--- GIVEN DATA Enclosed Below ---

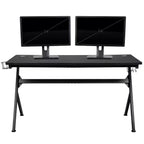 Flash Furniture Bureau de jeu et ensemble chaise de jeu inclinable avec repose-pieds - Porte-gobelet/Crochet pour casque/Tapis de souris amovible/Gestion des câbles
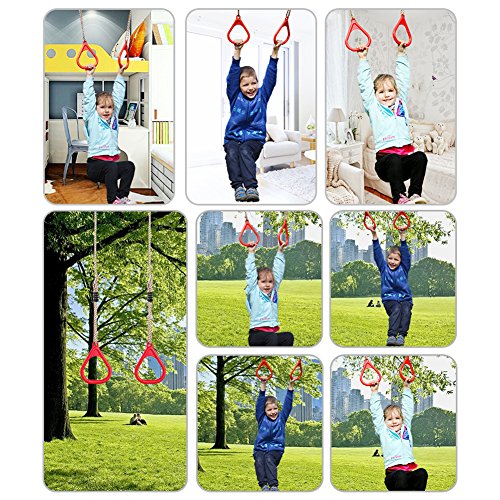 _YIFEIKU Co.,Ltd. Barra trapecio para niños, anillos de gimnasio, parque infantil, columpio, accesorios para ejercicio, fitness, interior y exterior (rojo)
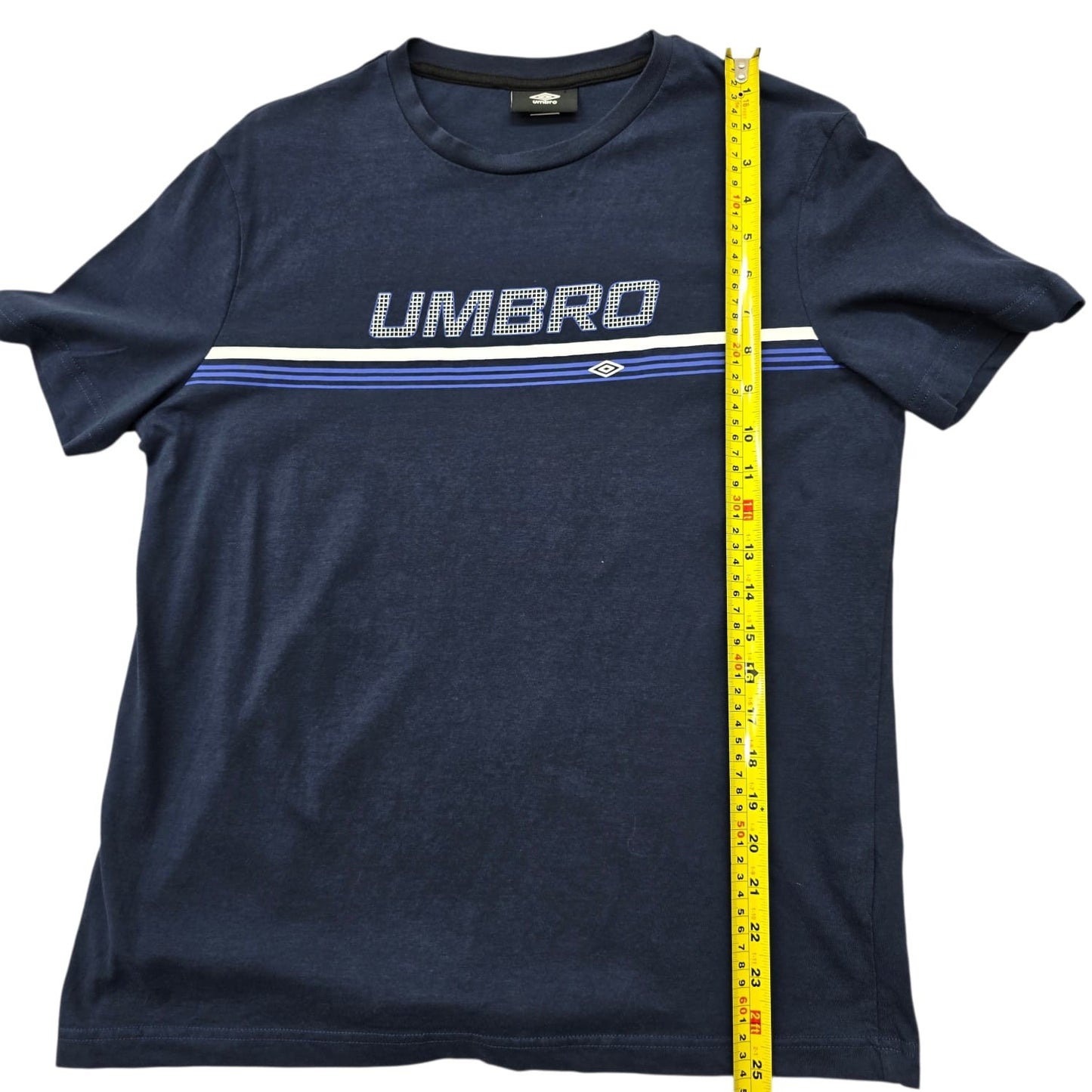 Umbro Men's Navy Blue Embroidered Logo T-Shirt Size M Vintage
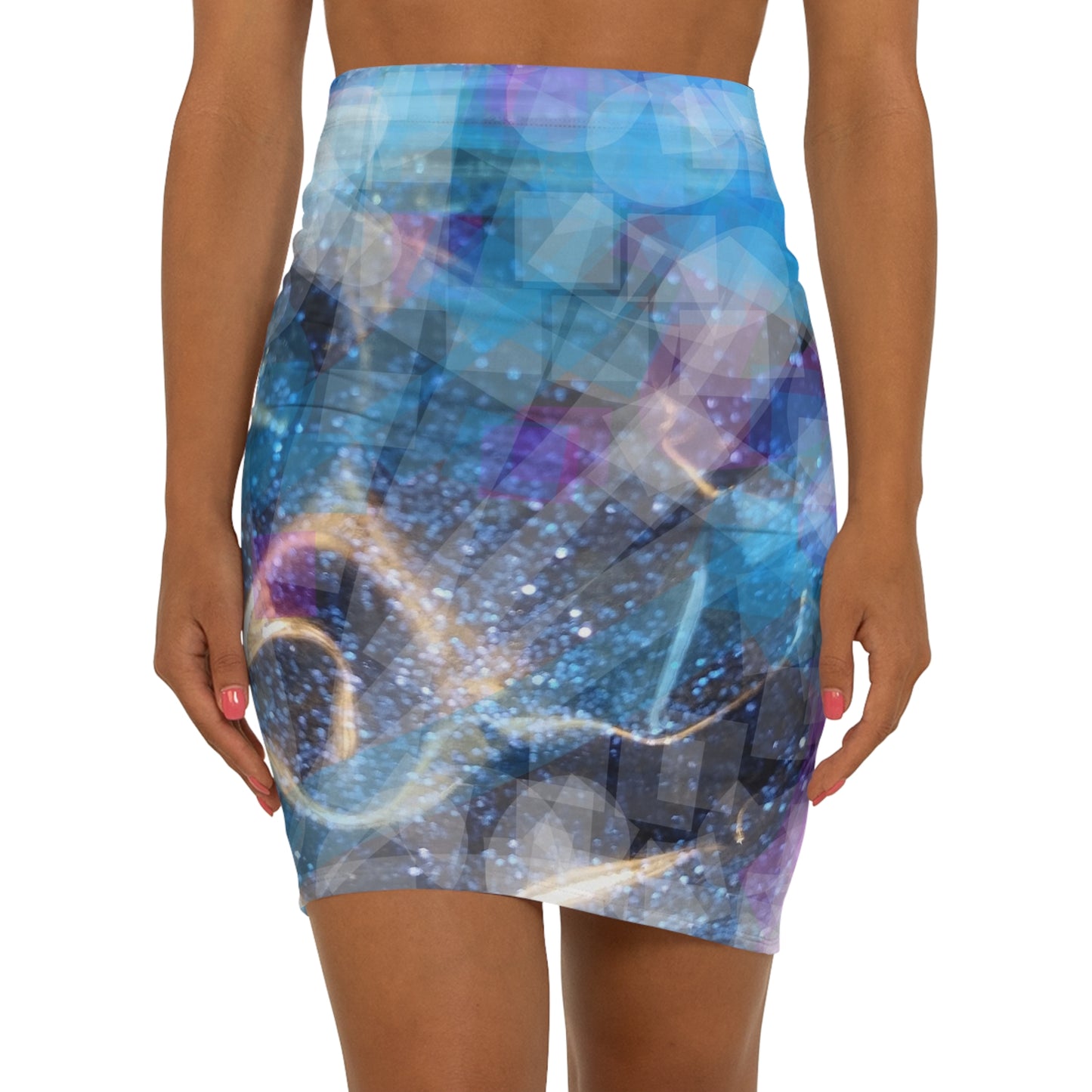 Sapphire Fuel: Women's Mid-Waist Pencil Skirt (AOP)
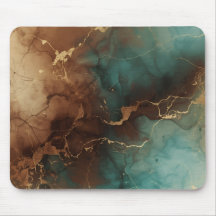 Emerald Copper Marble Luxe Mousepad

--- End of Enclosed GIVEN DATA ---

WHAT THE TASK ASKS. Hand back the data above exactly, leaving out all pictures.

WORKED SOLUTION.
 Flash Furniture Bureau de jeu et ensemble chaise de jeu inclinable avec repose-pieds - Porte-gobelet/Crochet pour casque/Tapis de souris amovible/Gestion des câbles
 _YIFEIKU Co.,Ltd. Barra trapecio para niños, anillos de gimnasio, parque infantil, columpio, accesorios para ejercicio, fitness, interior y exterior (rojo)
 Umbro Men's Navy Blue Embroidered Logo T-Shirt Size M Vintage
 Sapphire Fuel: Women's Mid-Waist Pencil Skirt (AOP)
 Emerald Copper Marble Luxe Mousepad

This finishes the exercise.